Aim of the exercise: Repeat the stretch of entries below from the line with "Autumn In Japan" through the line with "Completedworks Drop Earrings". Include both ends and add nothing.

------ Listed entries ------

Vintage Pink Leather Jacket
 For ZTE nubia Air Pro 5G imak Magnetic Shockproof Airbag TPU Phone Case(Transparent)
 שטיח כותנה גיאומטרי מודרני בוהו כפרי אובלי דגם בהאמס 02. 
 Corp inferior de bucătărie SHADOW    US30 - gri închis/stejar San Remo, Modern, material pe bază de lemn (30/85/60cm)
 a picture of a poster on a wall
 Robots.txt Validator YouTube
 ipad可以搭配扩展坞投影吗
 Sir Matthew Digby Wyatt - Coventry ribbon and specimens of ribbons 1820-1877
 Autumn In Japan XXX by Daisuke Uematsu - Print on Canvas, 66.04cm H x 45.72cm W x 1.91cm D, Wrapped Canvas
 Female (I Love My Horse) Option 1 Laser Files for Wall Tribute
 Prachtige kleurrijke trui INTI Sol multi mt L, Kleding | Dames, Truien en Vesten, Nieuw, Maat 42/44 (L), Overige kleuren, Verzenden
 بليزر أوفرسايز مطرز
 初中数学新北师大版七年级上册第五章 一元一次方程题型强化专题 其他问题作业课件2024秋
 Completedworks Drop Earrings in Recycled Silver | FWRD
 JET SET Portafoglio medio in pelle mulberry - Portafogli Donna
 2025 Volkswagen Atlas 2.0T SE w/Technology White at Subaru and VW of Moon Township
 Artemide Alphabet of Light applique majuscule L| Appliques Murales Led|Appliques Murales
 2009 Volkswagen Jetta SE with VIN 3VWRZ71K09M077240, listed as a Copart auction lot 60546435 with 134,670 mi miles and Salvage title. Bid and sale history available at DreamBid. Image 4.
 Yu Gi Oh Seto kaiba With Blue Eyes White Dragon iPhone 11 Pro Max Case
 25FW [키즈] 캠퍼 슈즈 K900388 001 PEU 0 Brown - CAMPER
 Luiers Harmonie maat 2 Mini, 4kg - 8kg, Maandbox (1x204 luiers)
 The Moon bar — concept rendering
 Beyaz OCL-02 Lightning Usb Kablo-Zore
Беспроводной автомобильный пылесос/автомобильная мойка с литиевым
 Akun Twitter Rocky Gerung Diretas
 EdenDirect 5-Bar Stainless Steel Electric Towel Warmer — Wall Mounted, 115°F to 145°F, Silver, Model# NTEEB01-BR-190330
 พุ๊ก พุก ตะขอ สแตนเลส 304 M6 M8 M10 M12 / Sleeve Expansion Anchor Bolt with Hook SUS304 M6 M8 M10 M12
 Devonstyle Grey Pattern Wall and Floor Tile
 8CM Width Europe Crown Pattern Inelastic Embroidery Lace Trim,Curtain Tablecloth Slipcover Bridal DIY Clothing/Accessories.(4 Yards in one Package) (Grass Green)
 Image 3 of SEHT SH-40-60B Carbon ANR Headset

------

Response area:
 Autumn In Japan XXX by Daisuke Uematsu - Print on Canvas, 66.04cm H x 45.72cm W x 1.91cm D, Wrapped Canvas
 Female (I Love My Horse) Option 1 Laser Files for Wall Tribute
 Prachtige kleurrijke trui INTI Sol multi mt L, Kleding | Dames, Truien en Vesten, Nieuw, Maat 42/44 (L), Overige kleuren, Verzenden
 بليزر أوفرسايز مطرز
 初中数学新北师大版七年级上册第五章 一元一次方程题型强化专题 其他问题作业课件2024秋
 Completedworks Drop Earrings in Recycled Silver | FWRD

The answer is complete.